The opposition believes now that the government no longer has a majority and as a result the government should be dissolved and a new coalition formed by the Italian President, if not new elections called. The idea of a caretaker government that would unite around solidarity and a non-political technocrat as its head, would have its main goal of pushing through the important reforms needed in order to ease pressure on Italian borrowing costs.
From FT: Two possible scenarios are a broader centre-right coalition led by a Berlusconi appointee, possibly cabinet undersecretary Gianni Letta, or an emergency technical government headed by Mario Monti, former European Commissioner.

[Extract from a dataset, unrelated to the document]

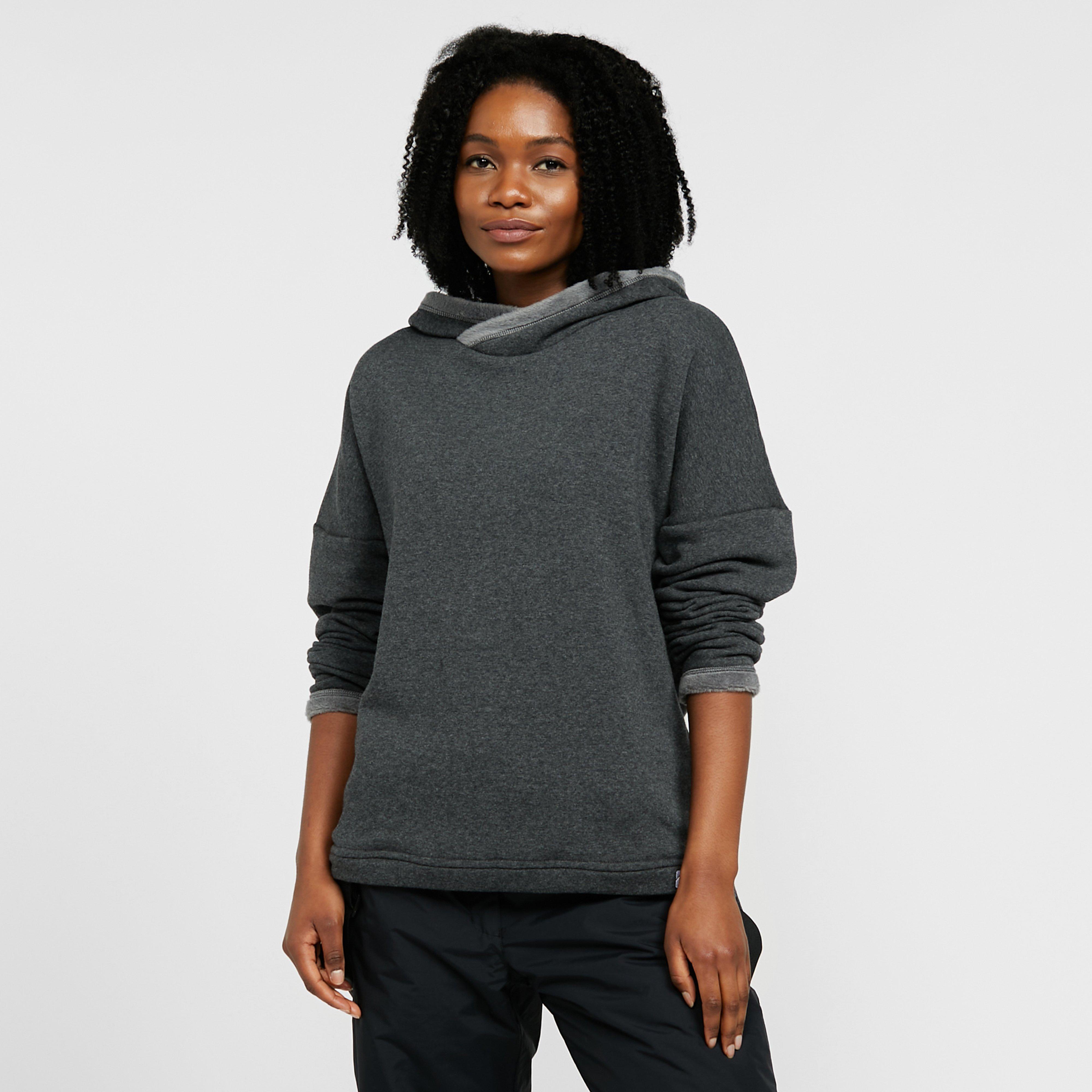 Women’s Slopestyle Fleece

Senior officials say that as matters stand it would appear that neither would have broad enough parliamentary support to form a viable government. This would plunge Italy into the uncertainty of snap elections in January, and further delays in implementing the deficit-cutting and growth-promoting measures demanded by the European Union and ECB.
With the Prime Minister not able to secure an outright majority the writing may be on the wall for his departure. We even have reports of key allies such as the minor coalition partner head Umberto Bossi, asking Berlusconi to step down.
From FT: Pressure mounted on Mr Berlusconi ahead of the vote when Umberto Bossi, leader of the Northern League - junior partner in the ruling coalition - told reporters his party was asking Mr Berlusconi to step aside.
Yields on Italian 10-year bonds hit a high of 6.74 per cent on Tuesday morning before easing slightly, after further intervention by the European Central Bank. Immediately after the vote result was announced they climbed back up to 6.71 per cent.
If Berlusconi does step down and we see the formation of a solidarity government, it should be seen as a positive for risk sentiment as it increases the likelihood that reform measures will pass the Italian Parliament. Any protracted delays in forming a new government would create uncertainty that would be negative for risk sentiment.